- [Activity]
Write the following entries out again exactly, skipping each image.
(Data extracts begins)
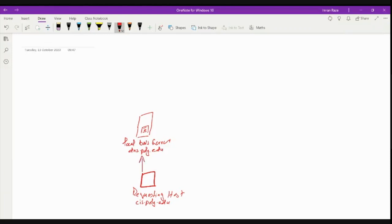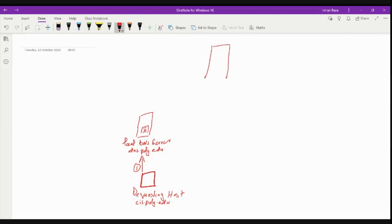The request will be forwarded to the local DNS server, say dns.poly.edu, and the host that wants to access another host is cis.polytech.edu. Now, if we have this entry at the DNS server, it would be returned to the requesting host. But we assume that this is not there in the local DNS server, so the request would be forwarded to the root DNS server.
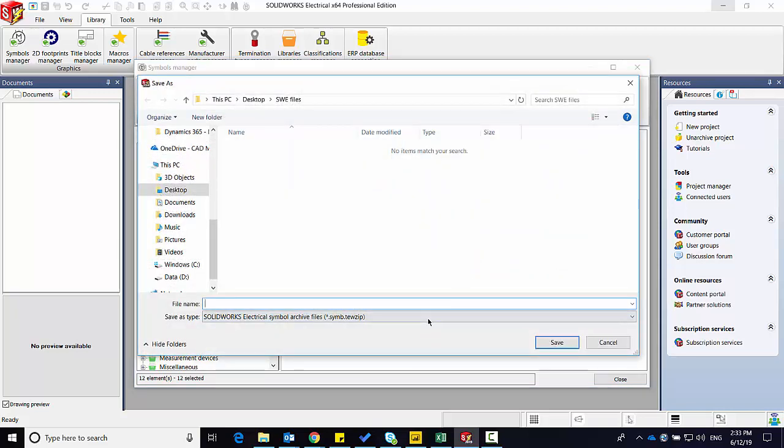So be sure to look at the name of the TEW ZIP to give you a clue as to where to archive or unarchive those files.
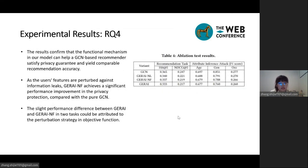To better understand the performance gained from major components in GRI, we perform ablation tests on different degraded versions of GRI, where each variant removes one privacy mechanism. The results confirm that the functional mechanism in our model helps a GCN-based recommender satisfy privacy guarantees while allowing comparable recommendation accuracy. Raw user features that are not properly perturbed may lead to high potential risk in privacy leakage. Therefore, the joint effect of perturbation strategies in both the objective function and input features is beneficial for both recommendation and privacy protection.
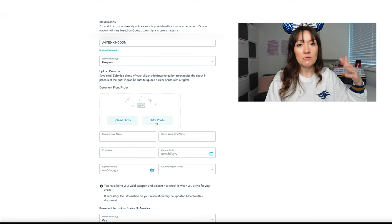On the next screen we're on to travelling with children. So the first question is about child debarkation which is quite simply getting off the ship. As a parent or guardian travelling with children in your stateroom you may authorize the children to go ashore unaccompanied or to go ashore accompanied by an adult in another stateroom. We're only travelling in one stateroom. I do not wish for my children to go ashore unaccompanied so we're going to opt for the children to only be able to get off the ship with myself or my husband.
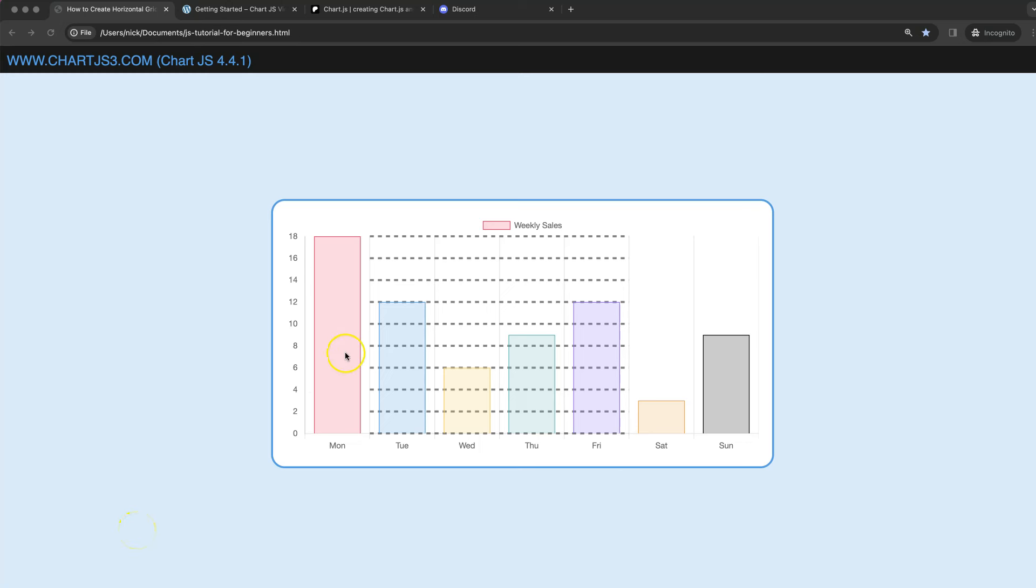In this video we're going to focus on how we can create a specific horizontal dotted line or horizontal line for the grid lines where we start from one point and halfway.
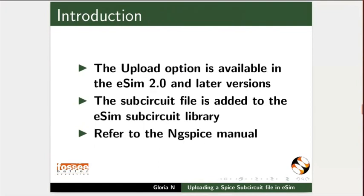This option is available in the eSIM 2.0 and later versions. The Subcircuit File is added to the eSIM Subcircuit Library. You can also refer to the Subcircuit files available in the ngspice manual.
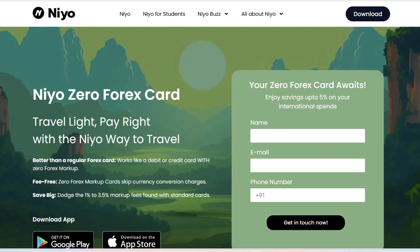In conclusion, the Neocard offers a robust and user-friendly digital banking solution with significant benefits for travelers. Its competitive exchange rates, lack of foreign transaction fees, and comprehensive security features make it an attractive option for managing finances both domestically and internationally. However, the initial setup process and potential customer support challenges might be seen as drawbacks for some users. Overall, the Neocard provides substantial value and convenience for those seeking a modern, globally accepted banking solution.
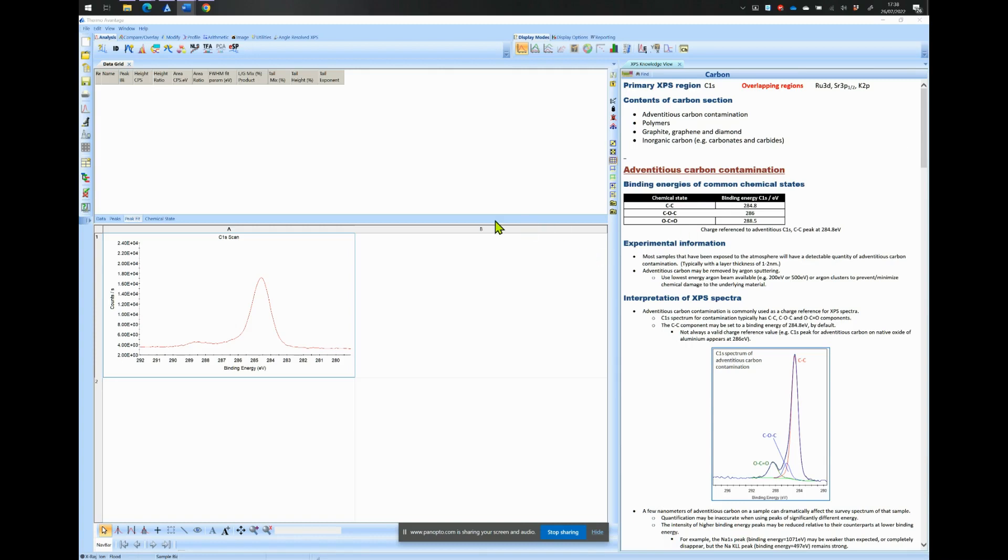This video was created by Wilhelm Cahur from Imperial College London and should not be distributed outside of Imperial College. It is aimed at research students or staff from Imperial College who have never fitted a core level spectrum before. In this video we will use the Avantage software from Thermo.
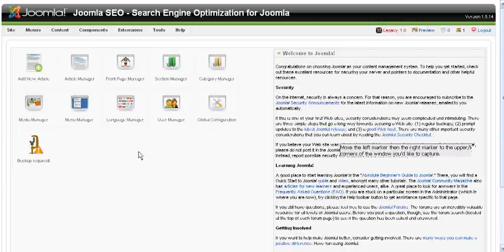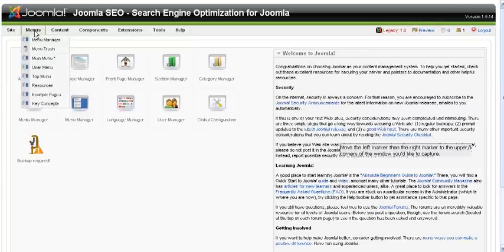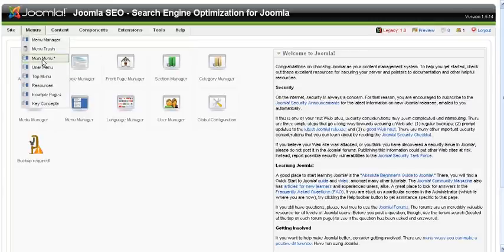First thing that we need to do is start with the control panel in Joomla 1.5, go to the menu selection, and select the main menu.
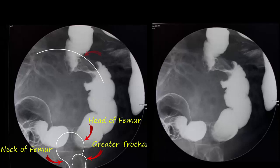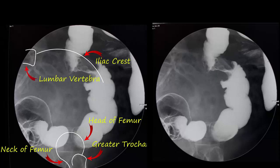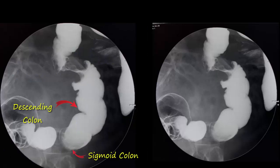This bony structure would then be the iliac crest of the pelvis, and this would be a lumbar vertebra. Is it the right lower quadrant or the left lower quadrant? If it was the right side, we should be seeing the cecum, which has a totally different appearance to what we currently see. So this is certainly the left lower quadrant, which makes this the sigmoid colon, and the lesion is in the distal part of the descending colon.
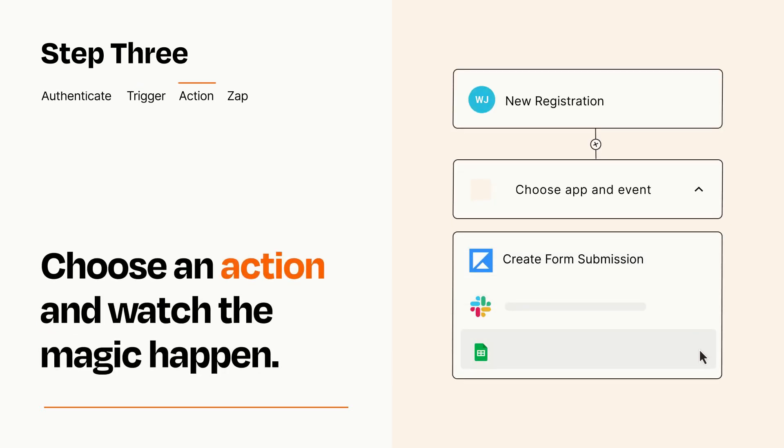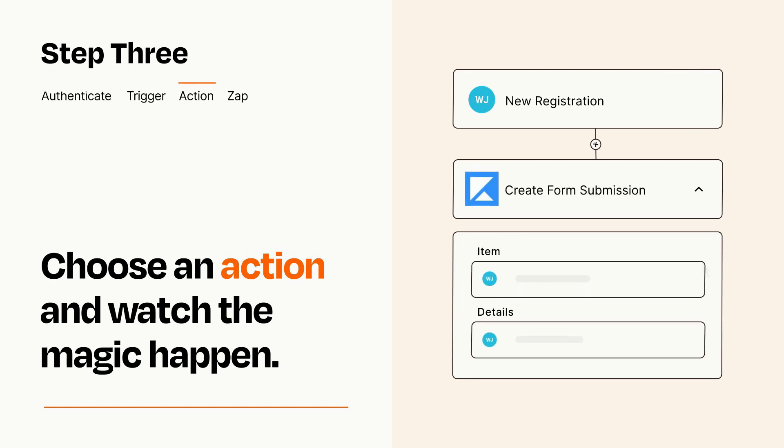You'll see a bunch of fields where you can specify the details of your Zap. You can type free form text or pull data in from your trigger step as needed.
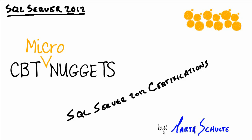SQL Server 2012 certifications. Hey everyone, Garth Schulte. In this Micronugget, we're going to look at and bring some clarity to all the different certifications and the paths that we need to take to acquire them here in SQL Server 2012.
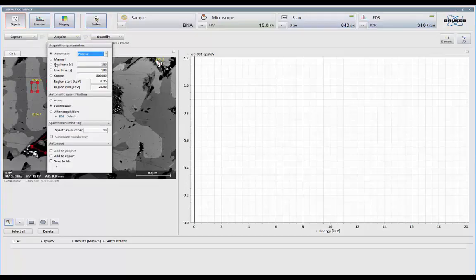You can do it manually, which means keep collecting until I tell you to stop. Real time, live time, counts within the user-defined region of the energy axis, and that region could be anything you want to set it up to be.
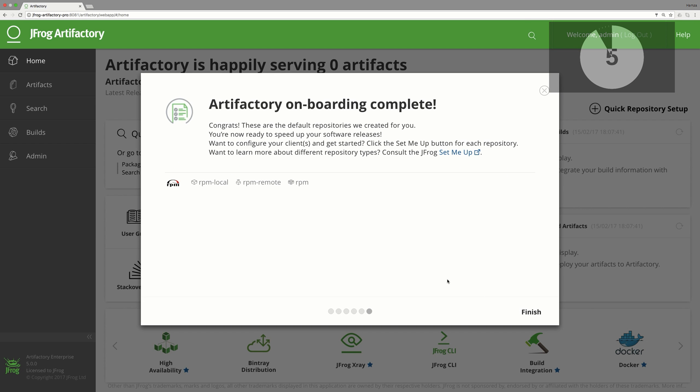The setup wizard creates three RPM repositories in Artifactory. A local repository called RPM Local, where you can deploy and serve your own RPM packages.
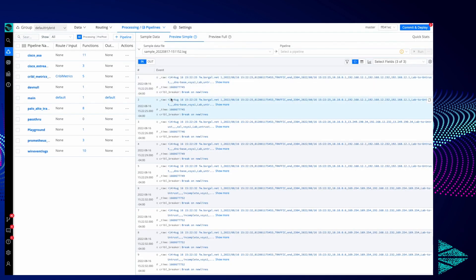That's the quick and dirty on data gens. Again, fairly useful if you need to create a live stream of sample data or just do basic troubleshooting on getting data to a destination from Stream. Thanks for watching.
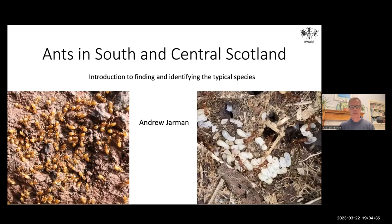I'm Andrew Jarman. Thanks very much for the introduction, Natalie. It's a great pleasure to be here and to talk about a passion of mine: ants.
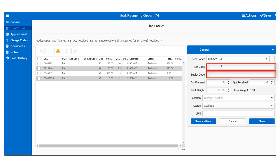Now, lot codes and sub-lot codes are alphanumeric values. Enter the values in the dialog box and save. Notice how they are displayed here now.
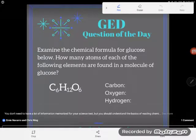Hey GED students, it's GED question of the day! Today we have something like you might encounter on your science test. This is actually a little simpler than it would probably be on the science test, but I want to build up to the more complex problems. So let's take a look — it says: examine the chemical formula for glucose below.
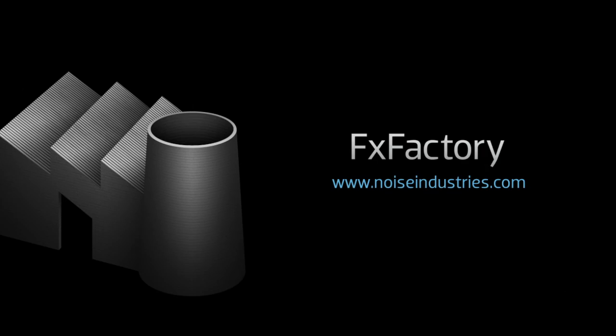FX Factory offers a huge selection of great plug-ins. And if you don't have them yet, I suggest you go try them out at NoiseIndustries.com.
(Data extracts ends)
- [Answer to this task]
The request will be forwarded to the local DNS server, say dns.poly.edu, and the host that wants to access another host is cis.polytech.edu. Now, if we have this entry at the DNS server, it would be returned to the requesting host. But we assume that this is not there in the local DNS server, so the request would be forwarded to the root DNS server.
So be sure to look at the name of the TEW ZIP to give you a clue as to where to archive or unarchive those files.
To better understand the performance gained from major components in GRI, we perform ablation tests on different degraded versions of GRI, where each variant removes one privacy mechanism. The results confirm that the functional mechanism in our model helps a GCN-based recommender satisfy privacy guarantees while allowing comparable recommendation accuracy. Raw user features that are not properly perturbed may lead to high potential risk in privacy leakage. Therefore, the joint effect of perturbation strategies in both the objective function and input features is beneficial for both recommendation and privacy protection.
On the next screen we're on to travelling with children. So the first question is about child debarkation which is quite simply getting off the ship. As a parent or guardian travelling with children in your stateroom you may authorize the children to go ashore unaccompanied or to go ashore accompanied by an adult in another stateroom. We're only travelling in one stateroom. I do not wish for my children to go ashore unaccompanied so we're going to opt for the children to only be able to get off the ship with myself or my husband.
In this video we're going to focus on how we can create a specific horizontal dotted line or horizontal line for the grid lines where we start from one point and halfway.
This option is available in the eSIM 2.0 and later versions. The Subcircuit File is added to the eSIM Subcircuit Library. You can also refer to the Subcircuit files available in the ngspice manual.
In conclusion, the Neocard offers a robust and user-friendly digital banking solution with significant benefits for travelers. Its competitive exchange rates, lack of foreign transaction fees, and comprehensive security features make it an attractive option for managing finances both domestically and internationally. However, the initial setup process and potential customer support challenges might be seen as drawbacks for some users. Overall, the Neocard provides substantial value and convenience for those seeking a modern, globally accepted banking solution.
This video was created by Wilhelm Cahur from Imperial College London and should not be distributed outside of Imperial College. It is aimed at research students or staff from Imperial College who have never fitted a core level spectrum before. In this video we will use the Avantage software from Thermo.
First thing that we need to do is start with the control panel in Joomla 1.5, go to the menu selection, and select the main menu.
This bony structure would then be the iliac crest of the pelvis, and this would be a lumbar vertebra. Is it the right lower quadrant or the left lower quadrant? If it was the right side, we should be seeing the cecum, which has a totally different appearance to what we currently see. So this is certainly the left lower quadrant, which makes this the sigmoid colon, and the lesion is in the distal part of the descending colon.
You'll see a bunch of fields where you can specify the details of your Zap. You can type free form text or pull data in from your trigger step as needed.
SQL Server 2012 certifications. Hey everyone, Garth Schulte. In this Micronugget, we're going to look at and bring some clarity to all the different certifications and the paths that we need to take to acquire them here in SQL Server 2012.
You can do it manually, which means keep collecting until I tell you to stop. Real time, live time, counts within the user-defined region of the energy axis, and that region could be anything you want to set it up to be.
The setup wizard creates three RPM repositories in Artifactory. A local repository called RPM Local, where you can deploy and serve your own RPM packages.
That's the quick and dirty on data gens. Again, fairly useful if you need to create a live stream of sample data or just do basic troubleshooting on getting data to a destination from Stream. Thanks for watching.
I'm Andrew Jarman. Thanks very much for the introduction, Natalie. It's a great pleasure to be here and to talk about a passion of mine: ants.
Now, lot codes and sub-lot codes are alphanumeric values. Enter the values in the dialog box and save. Notice how they are displayed here now.
Hey GED students, it's GED question of the day! Today we have something like you might encounter on your science test. This is actually a little simpler than it would probably be on the science test, but I want to build up to the more complex problems. So let's take a look — it says: examine the chemical formula for glucose below.
FX Factory offers a huge selection of great plug-ins. And if you don't have them yet, I suggest you go try them out at NoiseIndustries.com.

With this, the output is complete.